Solve and write interval notation for the solution set. Then graph the solution set. \[ 2 x+7 \leq-8 \text { or } 2 x+7 \geq 8 \] Select the correct choice below and fill in any answer boxes in your choice. A. The solution set is (Type your answer in interval notation. Use integers or fractions for any numbers in the expression.) B. There is no solution.
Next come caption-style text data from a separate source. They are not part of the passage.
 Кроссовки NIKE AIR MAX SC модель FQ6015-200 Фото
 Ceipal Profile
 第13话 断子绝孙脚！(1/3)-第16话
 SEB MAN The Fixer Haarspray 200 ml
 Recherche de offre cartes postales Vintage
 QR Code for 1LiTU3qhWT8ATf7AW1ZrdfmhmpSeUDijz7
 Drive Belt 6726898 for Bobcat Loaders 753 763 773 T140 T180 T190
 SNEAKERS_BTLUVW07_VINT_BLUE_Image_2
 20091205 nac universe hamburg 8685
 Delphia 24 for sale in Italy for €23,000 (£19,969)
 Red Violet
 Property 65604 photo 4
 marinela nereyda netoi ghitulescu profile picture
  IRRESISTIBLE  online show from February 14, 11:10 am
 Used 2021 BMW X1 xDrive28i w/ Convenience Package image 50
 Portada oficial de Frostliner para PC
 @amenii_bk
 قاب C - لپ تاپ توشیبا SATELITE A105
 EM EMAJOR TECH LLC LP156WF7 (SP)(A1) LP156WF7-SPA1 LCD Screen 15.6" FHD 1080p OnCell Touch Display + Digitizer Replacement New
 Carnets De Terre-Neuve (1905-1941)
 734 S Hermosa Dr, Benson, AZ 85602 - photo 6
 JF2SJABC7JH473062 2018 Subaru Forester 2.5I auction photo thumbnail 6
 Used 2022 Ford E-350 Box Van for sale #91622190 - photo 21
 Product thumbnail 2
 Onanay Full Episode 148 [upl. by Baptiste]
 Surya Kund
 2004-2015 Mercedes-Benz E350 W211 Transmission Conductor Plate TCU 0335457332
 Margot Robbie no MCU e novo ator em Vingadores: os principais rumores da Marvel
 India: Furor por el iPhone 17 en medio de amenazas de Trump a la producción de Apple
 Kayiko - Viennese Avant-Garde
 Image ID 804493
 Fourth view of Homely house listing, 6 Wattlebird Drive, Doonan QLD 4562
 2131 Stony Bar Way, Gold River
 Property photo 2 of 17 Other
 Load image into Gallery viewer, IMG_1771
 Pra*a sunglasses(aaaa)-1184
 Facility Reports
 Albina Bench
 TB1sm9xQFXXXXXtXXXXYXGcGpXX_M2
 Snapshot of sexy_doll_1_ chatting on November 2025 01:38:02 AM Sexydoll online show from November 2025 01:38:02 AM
To solve the inequalities, let's break them down. 1. **First Inequality:** \[ 2x + 7 \leq -8 \] Subtract 7 from both sides: \[ 2x \leq -15 \] Now divide by 2: \[ x \leq -7.5 \] 2. **Second Inequality:** \[ 2x + 7 \geq 8 \] Subtract 7 from both sides: \[ 2x \geq 1 \] Now divide by 2: \[ x \geq 0.5 \] Putting it all together, the solution set in interval notation is: \[ (-\infty, -7.5] \cup [0.5, \infty) \] Now, for the graph, you would represent: - A shaded line from \(-\infty\) to \(-7.5\) with a closed circle at \(-7.5\). - Another shaded line starting from \(0.5\) to \(\infty\) with a closed circle at \(0.5\). Enjoy the versatility of intervals! They can be used to express everything from constraints in math problems to analyzing data ranges. Applying this knowledge, you can tackle needs in fields like economics and engineering where specifying ranges is essential. Don't forget, when solving inequalities, always pay attention to flipping the inequality sign when multiplying or dividing by a negative number! It's a common pitfall, so double-check your operations.